Dec. 2, First Sunday in Advent Lk. 21; 25-36
Here we are at the start of the church year, in the midst of the holiday season. In I Thes. we just heard Paul write, “how can we thank you enough.” It sounds like a family hoping for everyone to be able to get together for the holidays. Part of our holiday preparations is to try to make things nice for a family gathering. So often, we make things beautiful for company, but we bring out the everyday materials for family. At the holidays, family get treated as honored guests, and maybe that is the way it should be.We keep checking the time, even though we know when to expect them. maybe we haunt the airport and keep checking the flight status on the boards.After 2000 years of waiting for God’s purposes to come to fruition, it is difficult indeed to yearn for it. Yet yearn for the vision of a better world remains with us still. (for what should we be ungrateful)

Again , we heard in Luke: do not be weighed down by dissipations and worries, yet be alert.Being weighed down dampens our senses and thoughts. We get blinded by all of our preparations and parties to the point of christmas. Advent itself barely registers on our awareness. Again, Advent is the start of the church year. So it looks to the Second Advent of Christ when the new creation comes into view, and the first Advent of Christmas. We start the church year with a look toward the advent of Christ.
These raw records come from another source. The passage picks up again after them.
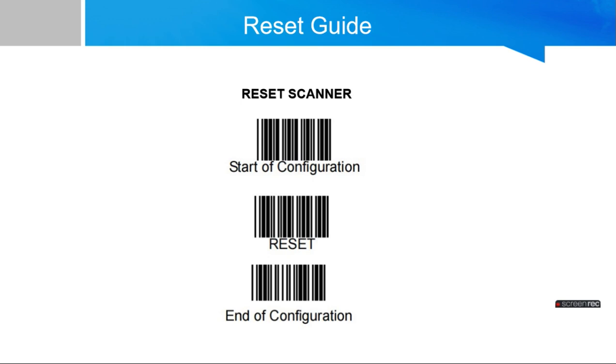On the guide I have mentioned the first 3 barcodes to reset the scanner. To reset the scanner you need to scan: first, start of configuration, then reset, then end of configuration. If you scan these 3 barcodes the scanner will automatically get the default settings and will be reset.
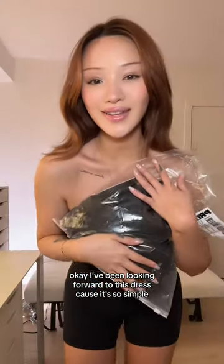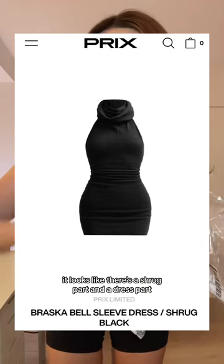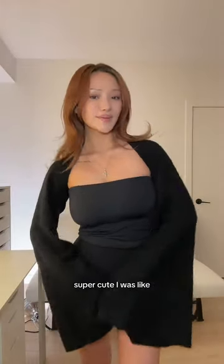I've been looking forward to this dress because it's so simple, so chic, and you can kind of dress it up or down. From the photos online, it looks like there's a shrug part and a dress part. When I got my package, I was like, where's the other part? So this is the shrug — super cute.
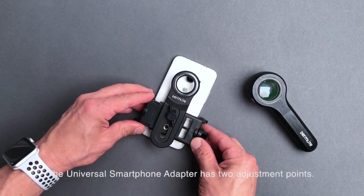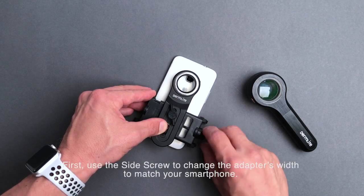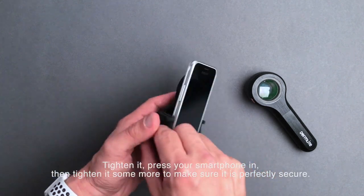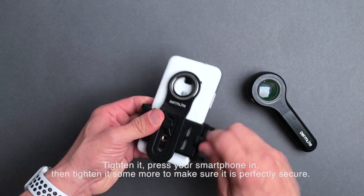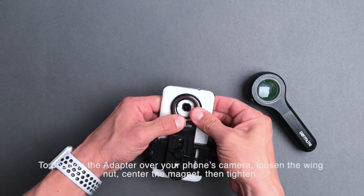The Universal Smartphone Adapter has two adjustment points. First, use the side screw to change the adapter's width to match your smartphone. Tighten it, press your smartphone in, then tighten it some more to make sure it is perfectly secure.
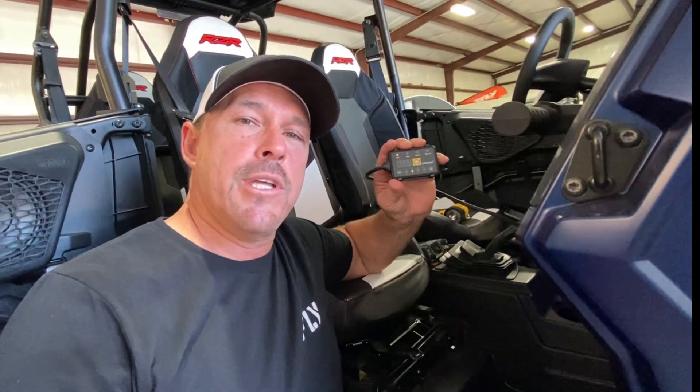Well, there you go guys — that's it for the Pedal Commander install. If you have any questions, feel free to hit us up. We are a Pedal Commander dealer. If you want to put a little pep in your step it does that, and also if you want to take a little out of your ride and get better fuel mileage and make it more manageable, it'll do that too. That's it guys, take care, have a good one.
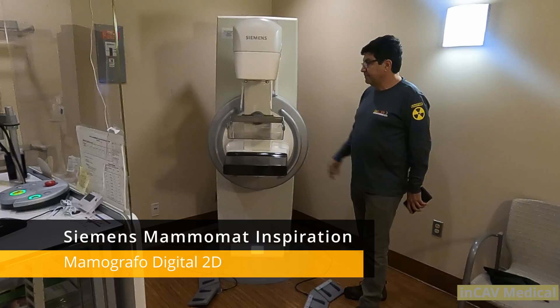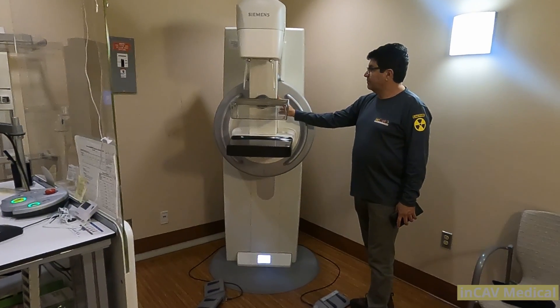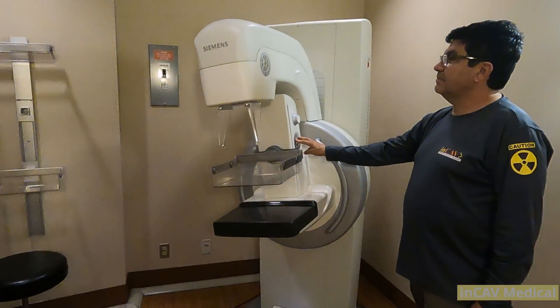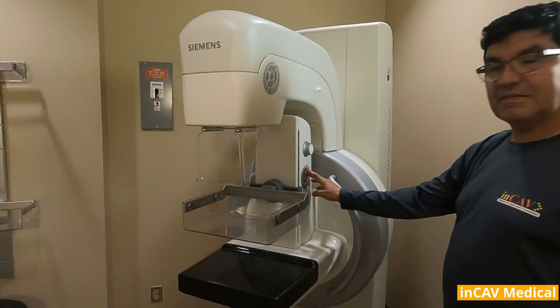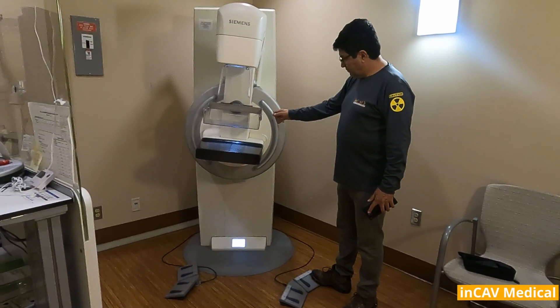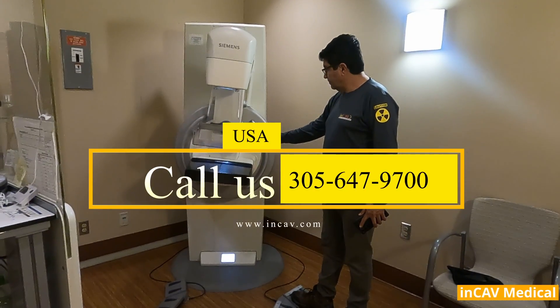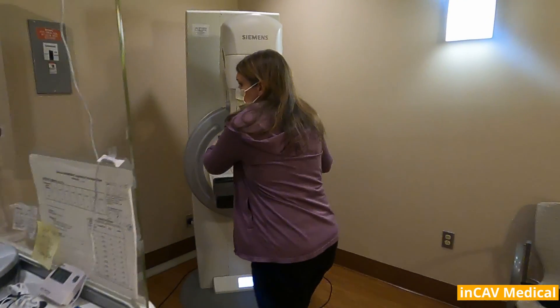On the side of the gantry you will see the controls to operate the gantry and the paddles. This control is on both sides of the gantry — you will see it in the top and the middle part. Also we have the foot pedal; with the foot pedal we can raise up and down the gantry or raise and lower the paddles. We have dual control so you can operate the gantry from both sides.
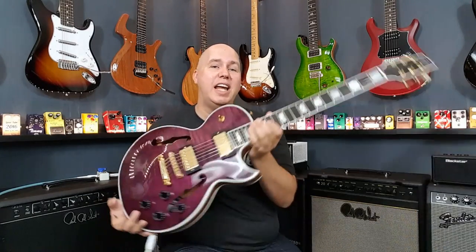Hey everyone, today I'm checking out the Heritage H-155M Semi-Holo Single Cut.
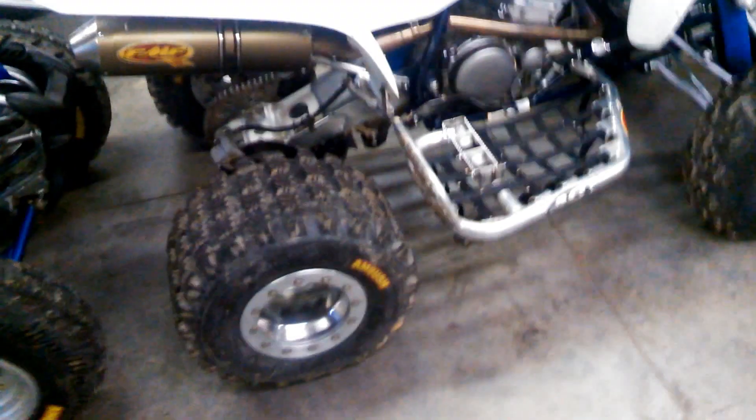I put beadlocks on it. They're ITPs and brand new Ambush rears. They're 20 10-9s. Yeah, that's it for that.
We often give short shrift to the apocalyptic material at the beginning and end of the church year. We so want to bring in  the story of Christmas and avoid the fearsome descriptions of apocalyptic material. We may want Christmas songs in church to match the secular celebration of Christmas that seems to start right after Thanksgiving to match at least two local FM stations. I want to be clear here. In my view, the birth of Jesus Christ is an end time event in Scripture. it marks the closing of a chapter of human history and the dawn of a new age, a divine opening. the new age is pictured with what becomes a familiar vocabulary of ages of Scripture to announce the shaking up of the old and expected ways of doing things when God’s vision  enters the scene. We are less familiar with the material and its vocabulary from other parts of Scripture. Basically, it uses tropes of dark, danger, derailment of the ordinary along with morning light and manifold, manifest presence of God in a new full way. When our children were little they could tell when a dreaded commercial was coming by the music and camera change in the program. When I was young, romantic scenes were signalled by a soft muted trumpet and then the flickers of a candle, a lantern, or a volcano erupting.
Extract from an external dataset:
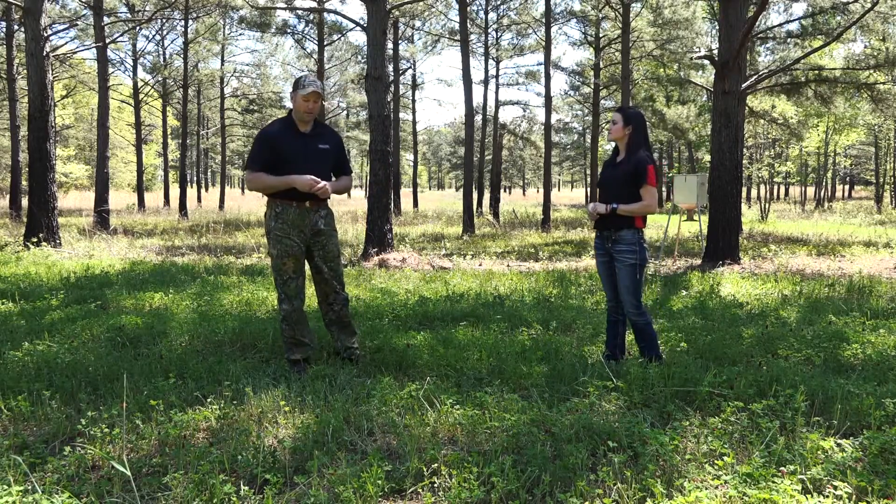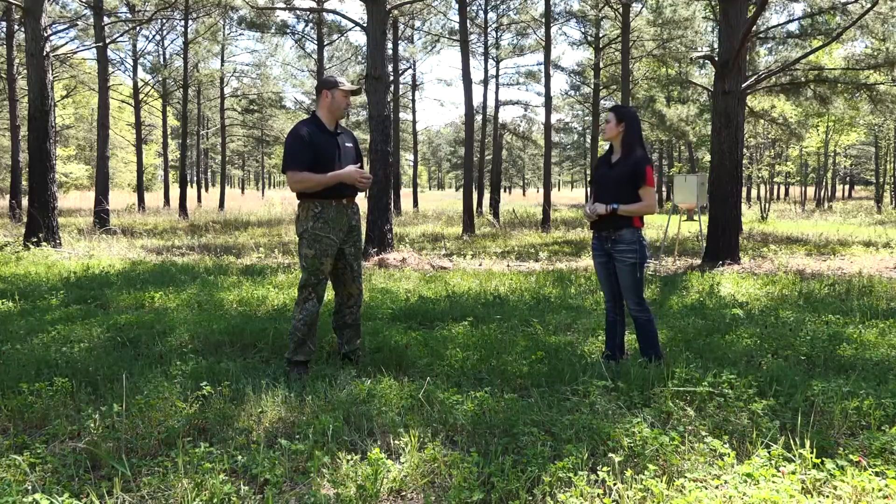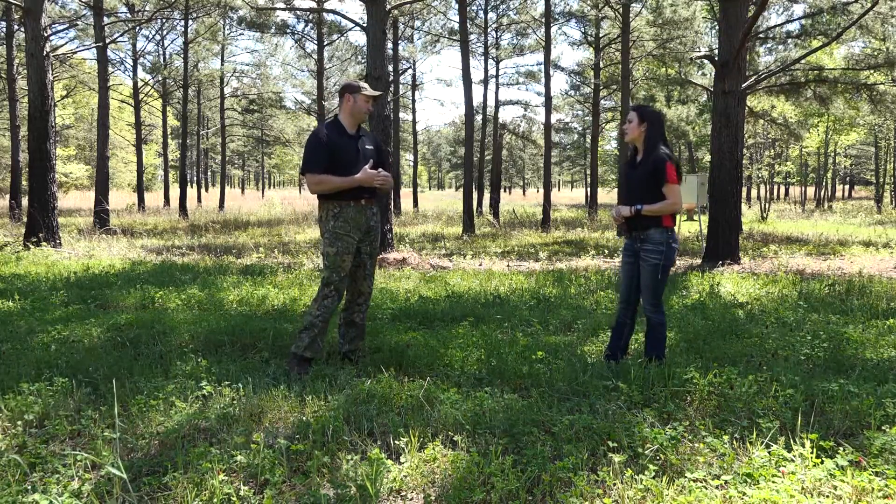So, Chelsea, we're standing here in a food plot and we've got our soil samples back. What are the things that we're supposed to look at on a soil sample, and what's the most important thing for us to look at?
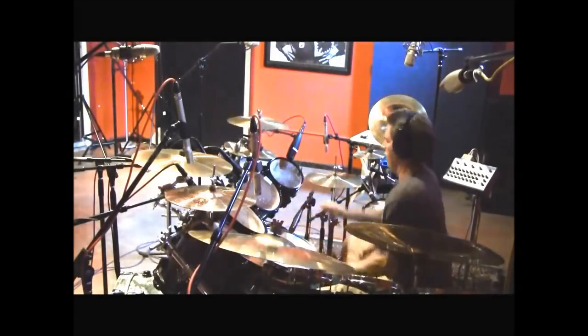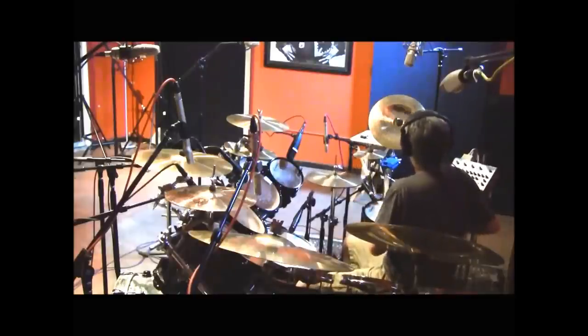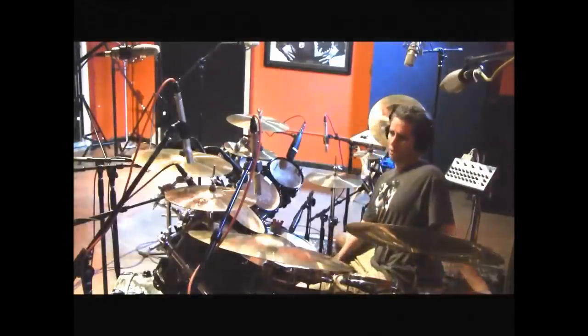Hey everyone, we're going to go back to a video I did a couple years ago that deals with the heads I use — Evans heads more specifically. I've been getting a lot of questions recently about drum head selection since I made the move over to Evans. So I'll give you a rundown of the kit here and let's start with the snare.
At times, the church has played around with trying to predict the return of Christ on a calendar, but it became popular in this country only with adoption of material from John Nelson Darby in the mid 1800s. How did  the church survived all those years without reading Biblical material as a guide? I will be blunt. None of us can know with certainty the hour of our own demise. When we pass away, i assert that we enter into God’s divine time that is not managed by a digital clock but the flux of eternity.I am willing to bet that all of us will face eternity before some possible image of annihilation that is not the Scripture’s message in the first place.Rahner: “ time becomes what it is supposed to be...no longer the bleak empty succession of moments...but redeemed, as it gathers into the future, a focal point that co-ordinates the living present with the eternal future.”